5. Identify ways to influence a dispenser's behavior.



Read Session Notes and Trainers Guide and review visual aids.

Read Chapter 32 of Managing Drug Supply, "Ensuring Good Dispensing Practices."

Read article by Ross-Degnan, et al, "The Impact of Face to Face Educational Outreach Diarrhea Treatment in Pharmacies," Health Policy and Planning, vol. 11, no. 3, Sept. 1996.

Note: This module has been developed by a number of people including Drs. Kumud Kafle, Farai Chinyanganya and Sri Suryawati. Photographs have been provided by Dr. Edelisa Carandang (Philippines), Fatima Suleman (South Africa), Prof. Willy Anockobongo (Uganda), and Dr. Farai Chinyanganya (Zimbabwe).


Case report

A 20 yr. female student suffering from tonsilitis, seen by a doctor in a 600-bed hospital OPD. She obtained a drug from the hospital pharmacy, and took as instructed. She felt very weak after taking the drug, 3 days later she got severely comatose and was admitted to the same hospital. She took chlorpropamide 250 mg 4 times a day. The OPD doctor claimed that he prescribed chloromycetine 4x250 mg daily for her tonsilitis. The patient eventually died 2 weeks after hospital admission..
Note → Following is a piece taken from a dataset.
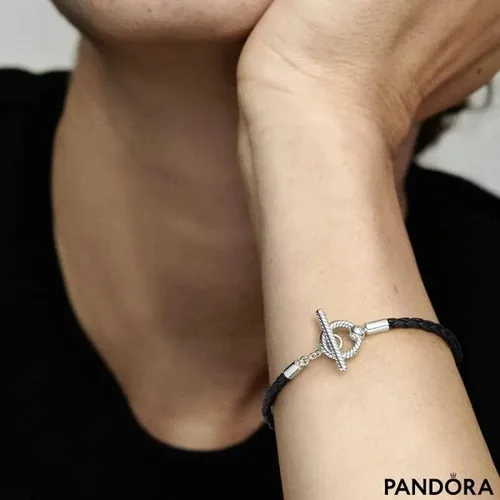 Vista 5 de PANDORA Braided Leather T-Bar Bracelet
Inappropriate or incorrect dispensing can undo many of the benefits of the health care system. Regardless of the modern facilities, extensive education, and careful diagnosis, the proper medication must be dispensed to the patient and the patient must comply with therapy for the health system to have accomplished its task.

Dispensing is often overlooked by health planners during the development of health care delivery. It is usually considered of secondary importance to diagnosis, procurement, inventory control, and distribution. This oversight is unfortunate, because poor or uncontrolled dispensing practices can have a very detrimental impact on the health care delivery system. All of the resources required to bring a drug to the patient may be wasted if dispensing does not ensure that the correct drug is given to the right patient in an effective dosage and amount, with clear instruction, and in packaging that maintains the integrity of the drug. Since the dispenser is often the last person to see the patient before the drug is used, it is important that the dispensing process be understood as it affects drug use.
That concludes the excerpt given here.